== MATERIAL PROVIDED ==

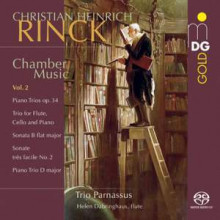 CHRISTIAN HEINRICH RINCK: Musica da camera - Vol.2 (Trio con piano - Trio e Sonate)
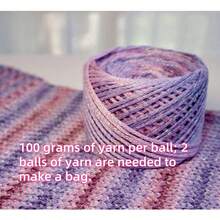 1 Roll, 50g Colorful Unique Gold & Silver Yarn With Shimmer, Handcraft Knitting, Suitable For DIY Knitting And Crochet Projects - Great For Making Sweaters, Hats, Bags And Dolls - Multicolor - View 30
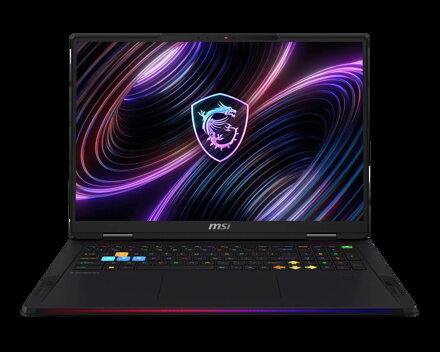 MSI Raider 18 Max HX A2WJ-1291CZ/Core Ultra 9 290HX Plus/64GB/2TB/RTX 5090, 24GB/18"Mini LED,UHD+ 120Hz/Win11Pro/černá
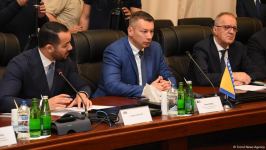Azərbaycanla Bosniya və Herseqovina arasında təbii fəlakətlərdən mühafizə sahəsində saziş imzalanıb (FOTO)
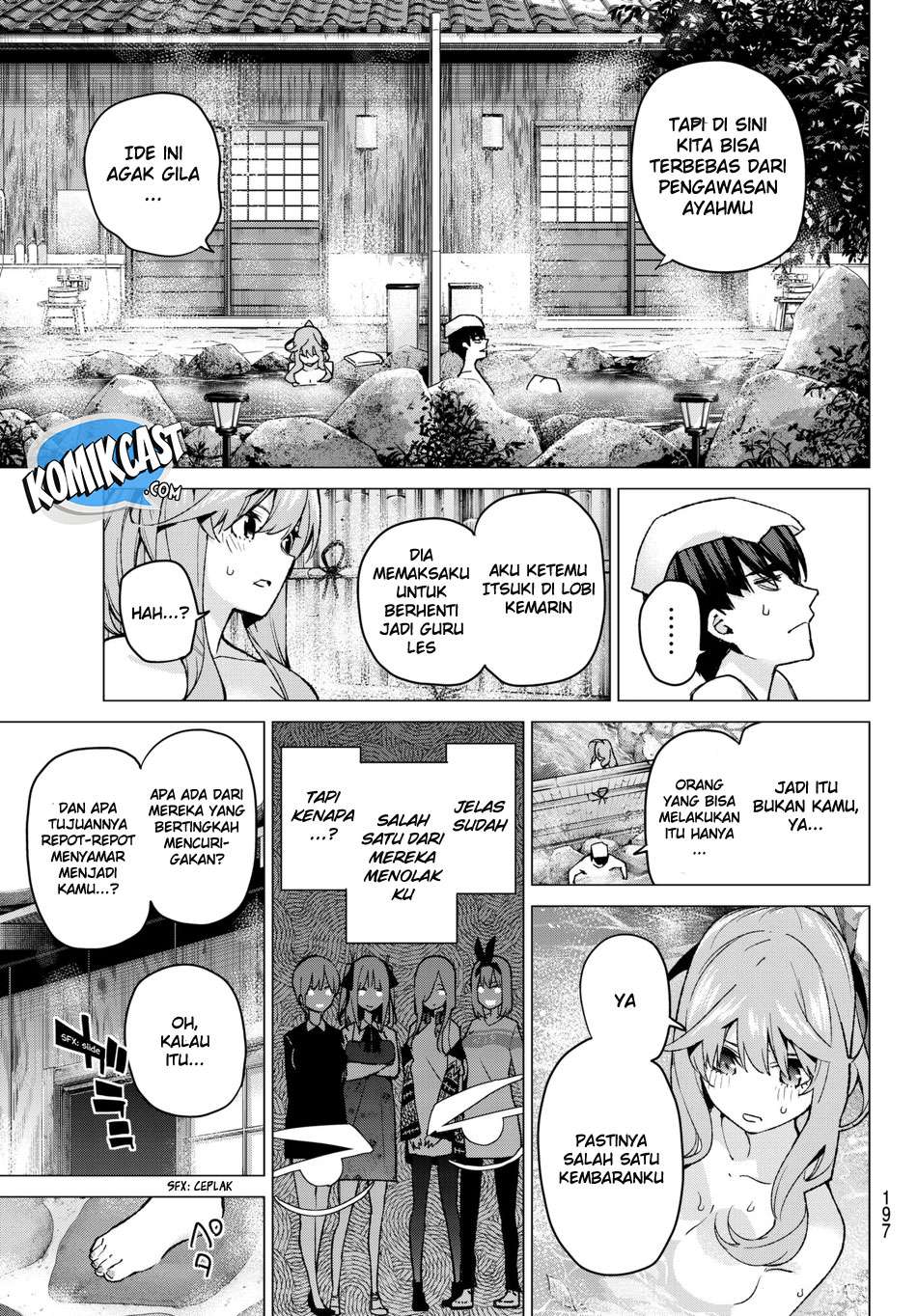 Go-toubun no Hanayome Chapter 63 - halaman 9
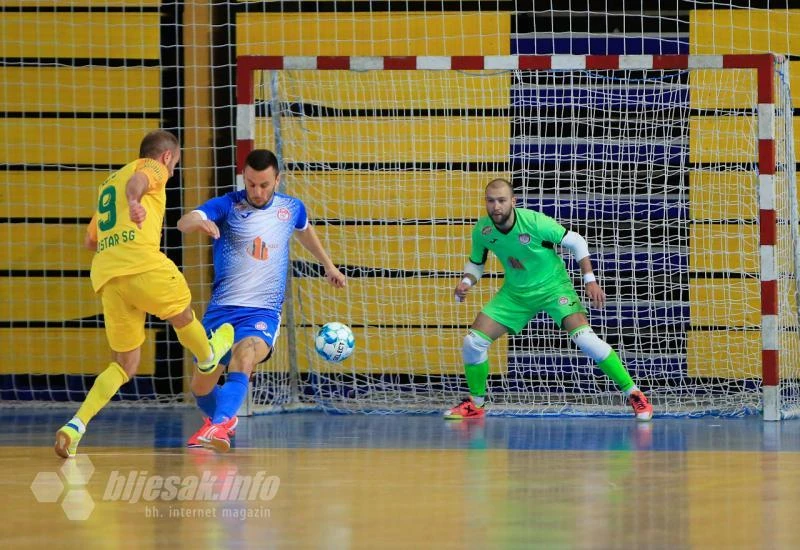 Branitelj naslova poveo u finalnoj seriji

===

EXERCISE DESCRIPTION - Return the lines exactly, from the one containing "Go-toubun no Hanayome Chapter 63 - halaman 9" through the last line above, including both ends and excluding every picture.

SOLUTION FOR THIS EXERCISE -
 Go-toubun no Hanayome Chapter 63 - halaman 9
 Branitelj naslova poveo u finalnoj seriji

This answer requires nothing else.